You Can’t Do That
Last night, after a frustrating day, I thought, you know what I need? I need to go to one of those places where you can scream and shatter old household items with a baseball bat. Mind you, I’ve only ever seen these venues on The Real Housewives of wherever, so I don’t even know if they really exist. Maybe I’ll just smash my own old junk…
The worst part was my next thought: You can’t do that.
Maybe a punching bag? You can’t do that.
I’m surrounded by things I can’t do.
First, why did I have a frustrating day? Because I feel like I’m in that Paula Abdul music video taking two steps forward and one step back…or maybe I’m taking one step forward and two steps back. Depends on the day I guess.

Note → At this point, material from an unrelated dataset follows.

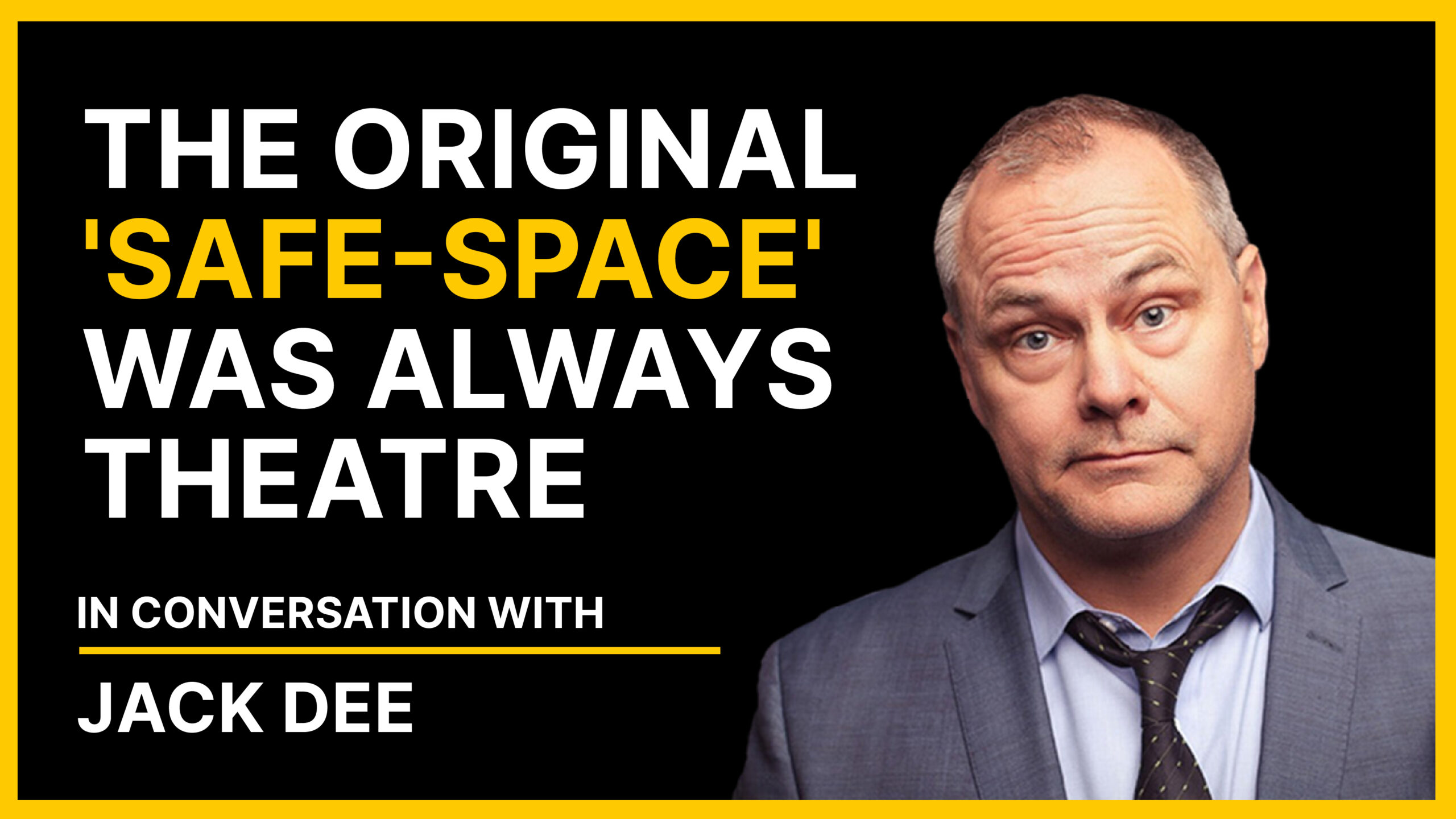 Toby Young in Conversation With Jack Dee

I was at a point where I wasn't in pain anymore, just discomfort. But, now I’m back to pain.
Why?
The procedure I had done was a large lumpectomy/partial mastectomy. My surgeon removed three larger masses, which she later told me were surrounded by tiny ones not detected in imaging. The area removed was around 7 cm. This is too large for her to just move tissue around, which is why I had a plastic surgeon as well. He used a flap of my own tissue from my upper abdomen to fill in the space, reattaching blood vessels, etc. to make me look as normal as possible. I will likely have at least one more cosmetic procedure sometime 6+ months after radiation.

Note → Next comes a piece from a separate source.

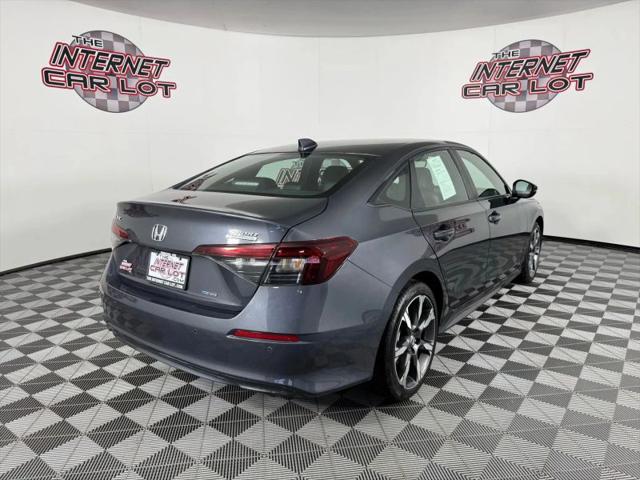 2025 Honda Civic Sport Touring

So, the pain was intense around my incisions, especially where the flap was used. Then it got better. But now, the nerves are waking back up, some of the numbness is going away, which leads to increased pain and discomfort.
So, in the words of Daniel Powter, I had a bad day.

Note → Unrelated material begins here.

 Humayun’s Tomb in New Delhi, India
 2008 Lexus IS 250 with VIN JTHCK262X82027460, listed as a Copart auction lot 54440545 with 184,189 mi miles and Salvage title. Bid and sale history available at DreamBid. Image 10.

Even if I were feeling fine, I’m on strict restrictions as far as what I can and cannot do. Doctor’s orders. I can’t lift over 5 lbs. for at least 6 weeks. I have to watch any pushing/pulling motion.
So, I spend my days feeling like I’m surrounded by things I can’t do.
I thought you spent your days watching Hallmark Christmas movies? Well, yes. But also, surrounded by things I can’t do.
I can’t workout like I used to. I can fold laundry, but I can’t carry the laundry basket. I can walk my son to school, but I can’t stay to work. I can go grocery shopping, but to get things in the car and then into the house, I have to take apart the nicely puzzled packing job so each bag is light enough for me to lift and carry. Sorry to all the people waiting with their blinker on for me to vacate my parking spot at Trader Joe’s.
I’m trying to focus on the positive, but yesterday, I just couldn’t.
So, my bad attitude and I went to bed early.
But, today is a new day. I can have a better attitude. I can ignore the pain. I can live life.
Sometimes it feels like this unwanted journey wants to extinguish my light.
But lose my positivity?
You can’t do that.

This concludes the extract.